Già avevano perso la gara con gli americani che per primi avevano raggiunto piazza Venezia, il Campidoglio, il Colosseo e la Basilica di San Pietro: i luoghi simbolo della città di Roma, dove avevano impiantato le loro bandiere. La popolazione scendeva dalle case e si affacciava alle finestre. Tra un gruppo di persone che stazionava sullo slargo delle Sette Chiese (dove oggi c’è il monumento di metallo alla Resistenza) faceva capolino anche un milite della Pai, la Polizia dell’Africa italiana, con tanto di mantello e copricapo coloniale. Non poteva passare inosservato, una vera e propria provocazione.

Improvvisamente un blindato si ferma, scende un membro dell’equipaggio con la pistola in mano per arrestarlo.
Un gruppo di donne non lo permettono, si mettono in mezzo e lo fanno scappare. Quello della Pai di buon passo fugge sul marciapiede sinistro di via Enrico Cravero verso piazza Bartolomeo Romano e via Luigi Orlando, dove c’era la caserma (oggi c’è la stazione dei carabinieri). Il blindato non ha esitazione alcuna. Lo segue e quando supera il negozio da barbiere dei Zamiol, punta il cannoncino verso il fuggitivo che stava scappando verso la caserma. La struttura edilizia del quartiere non era quella di oggi (vedi planimetria). Il lotto 9 non era stato ancora costruito.

Al suo posto c’erano erbacce e polvere di un prato incolto sul quale gli inquilini avevano ricavato un rudimentale campo per il gioco delle bocce. Parte un colpo, un boato. La folla sulla piazza sgomenta assiste allo spettacolo del blindato impazzito.
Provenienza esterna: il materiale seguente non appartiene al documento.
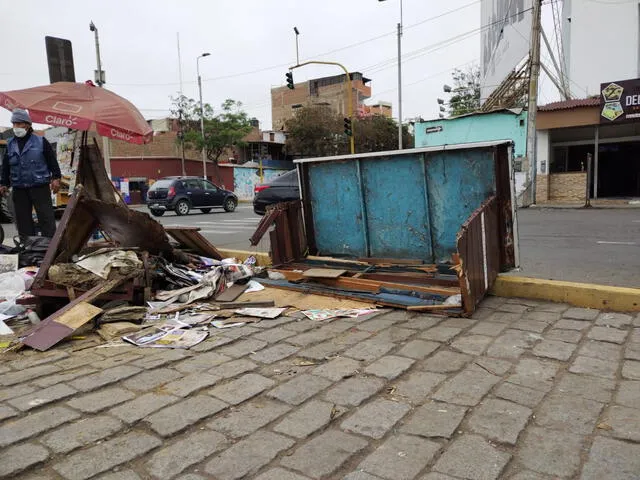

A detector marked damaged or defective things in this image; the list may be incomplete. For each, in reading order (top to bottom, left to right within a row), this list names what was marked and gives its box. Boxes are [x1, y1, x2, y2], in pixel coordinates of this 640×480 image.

rusted metal sheet [456, 195, 500, 316]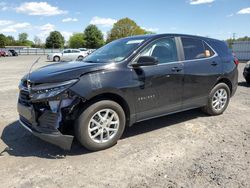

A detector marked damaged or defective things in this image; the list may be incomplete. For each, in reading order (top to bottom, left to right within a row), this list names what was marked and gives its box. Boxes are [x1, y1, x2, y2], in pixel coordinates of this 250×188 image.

damaged front end [18, 78, 84, 151]
cracked headlight [29, 79, 78, 100]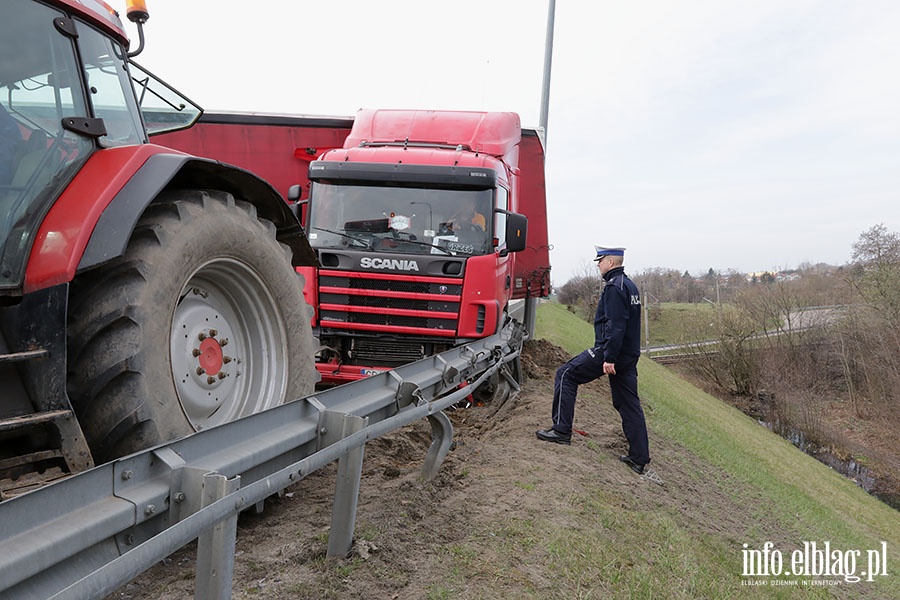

Il gran vociare della gente nei lotti e per le strade incuriosì anche la famiglia Ricci che abitava al lotto 2, in via della Garbatella 10.

Era festa e insieme al papà Carlo, alla moglie Angela Novelli e ai tre figli c’era anche la famiglia degli zii. Il pranzo si era protratto a lungo, poi le chiacchiere tra parenti. Si erano fatte quasi le quattro. La mamma Angela, una volta rigovernata la cucina, si era affacciata incuriosita sul terrazzino. Non l’avesse mai fatto. Quel terribile proiettile, dopo una lunga parabola, la colpì ad un braccio e fece crollare la colonnina di cemento addosso alla malcapitata. Angela sanguinante fu portata immediatamente dal marito e dai parenti alla vicina farmacia del lotto 8 e poi fu trasportata all’ospedale del Celio. Morì due giorni dopo, il 6 giugno per un’emorragia interna, probabilmente causata dallo schiacciamento degli organi. Il certificato di morte parla di: Shock traumatico, contusione addominale, frattura esposta dell’avambraccio destro — 2°e 3° metacarpo sn., colpita da una bomba d’aereo (?). Un errore o il tentativo di coprire un incidente imbarazzante causato dai liberatori di Roma? Non lo sapremo mai, ma certamente sappiamo che a sparare fu un blindato.
Il proiettile inesploso, infatti, rimase per settimane sul posto dell’incidente mortale. Angela Novelli era del 1896, aveva 48 anni: lasciava il marito, tre figlie Velia, Lucia, Iole e un maschietto, Oreste. Le foto del 4 giugno 1944 sono state concesse da Carla Monaldi su Garbatella 100 il racconto di un secolo.